Court widens court options for vaping companies pushing back against FDA rules

Legal Compliance

The Supreme Court sided with e-cigarette companies on Friday in a ruling making it easier to sue over Food and Drug Administration decisions blocking their products from the multibillion-dollar vaping market.

The 7-2 opinion comes as companies push back against a yearslong federal regulatory crackdown on electronic cigarettes. It’s expected to give the companies more control over which judges hear lawsuits filed against the agency.

The justices went the other way on vaping in an April decision, siding with the FDA in a ruling upholding a sweeping block on most sweet-flavored vapes instituted after a spike in youth vaping.

The current case was filed by R.J. Reynolds Vapor Co., which had sold a line of popular berry and menthol-flavored vaping products before the agency started regulating the market under the Tobacco Control Act in 2016.

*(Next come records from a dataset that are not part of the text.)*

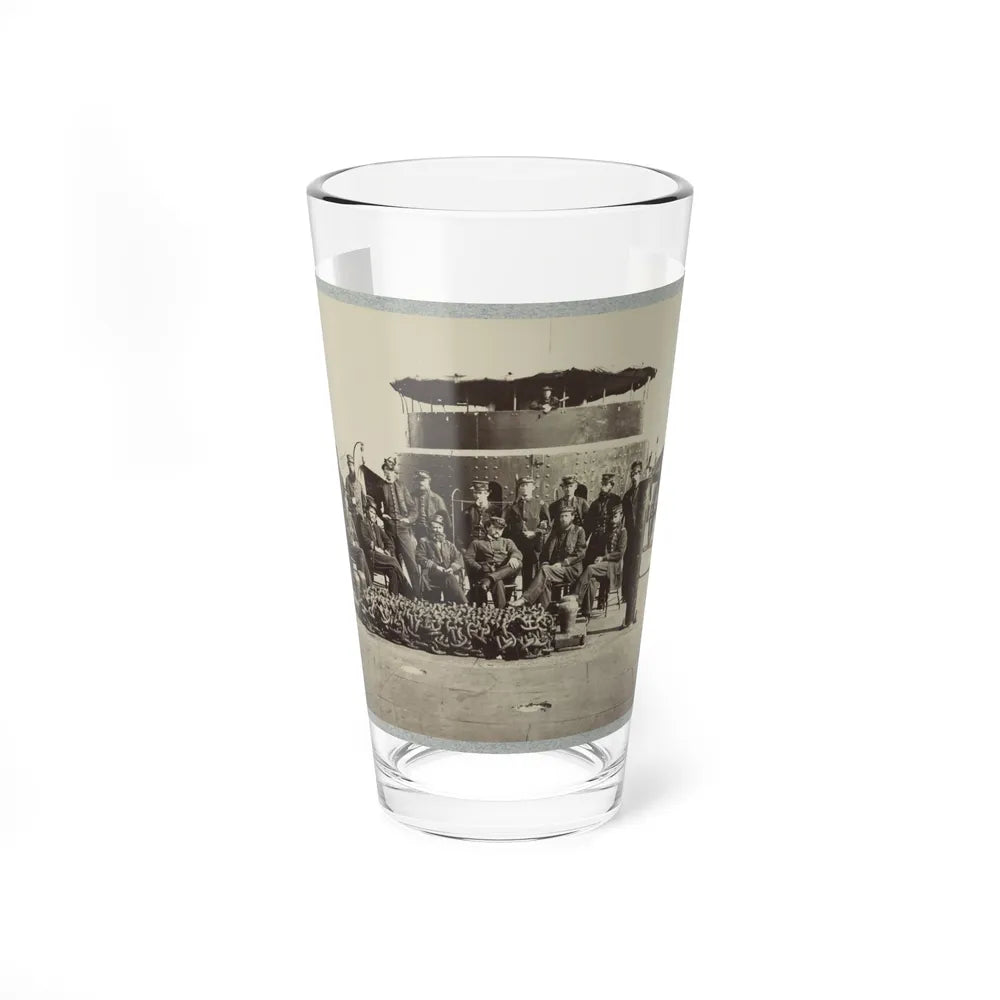 Fifteen Officers On Deck Of A Union Monitor Warship (U.S. Civil War) Pint Glass 16oz-16oz-Go Mug Yourself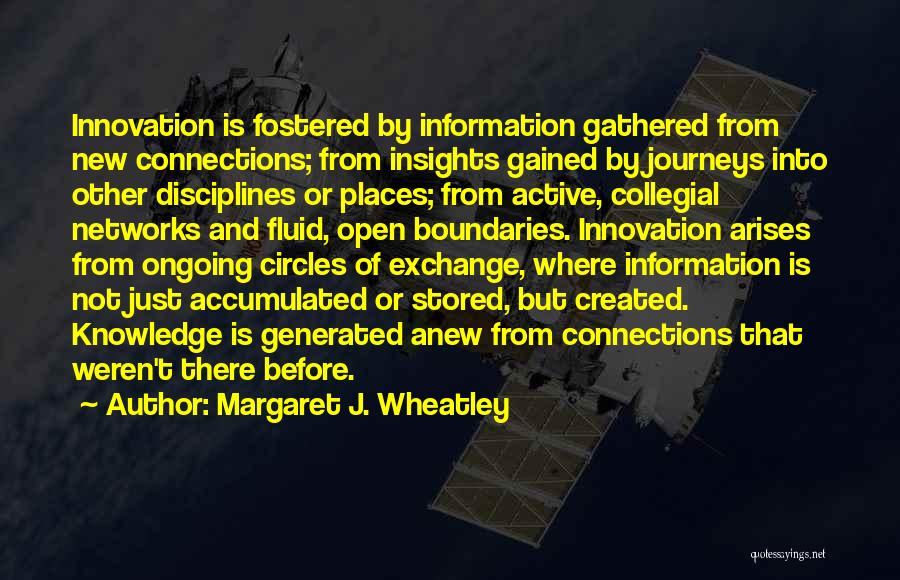 Margaret J. Wheatley Quotes: Innovation Is Fostered By Information Gathered From New Connections; From Insights Gained By Journeys Into Other Disciplines Or Places; From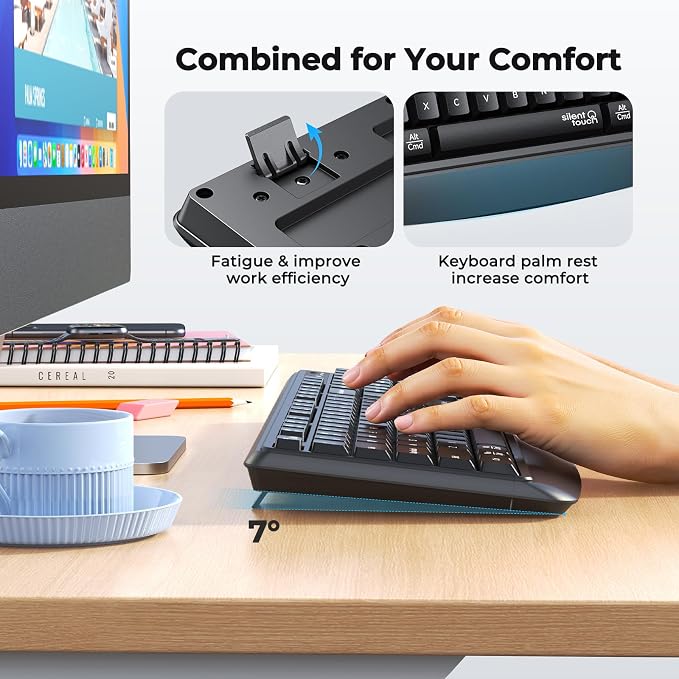 MEETION Wireless Keyboard Mouse Combo, Silent Full-Size Design, Black | Quiet keyboard with wireless optical mouse, adjustable DPI control, ideal for work, home use and multiple computer setups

The agency refused to authorize the company’s Vuse Alto products, an order that “sounded the death knell for a significant portion of the e-cigarette market,” Justice Amy Coney Barrett wrote in the majority opinion.

The company is based in North Carolina and typically would have been limited to challenging the FDA in a court there or in the agency’s home base of Washington. Instead, it joined forces with Texas businesses that sell the products and sued there. The conservative 5th U.S. Circuit Court of Appeals allowed the lawsuit to go forward, finding that anyone whose business is hurt by the FDA decision can sue.

The agency appealed to the Supreme Court, arguing that R.J. Reynolds was attempting to find a court favorable to its arguments, a practice often referred to as “judge shopping.”

The justices, though, found that the law does allow other businesses affected by the FDA decisions, like e-cigarette sellers, to sue in their home states.

In a dissent, Justice Ketanji Brown Jackson, joined by Justice Sonia Sotomayor, said she would have sided with the agency and limited where the cases can be filed.  

The Campaign for Tobacco-Free Kids called the majority decision disappointing, saying it would allow manufacturers to “judge shop,” though it said the companies will still have to contend with the Supreme Court’s April decision.

Attorney Ryan Watson, who represented R.J. Reynolds, said that the court recognized that agency decisions can have devastating downstream effects on retailers and other businesses, and the decision “ensures that the courthouse doors are not closed” to them.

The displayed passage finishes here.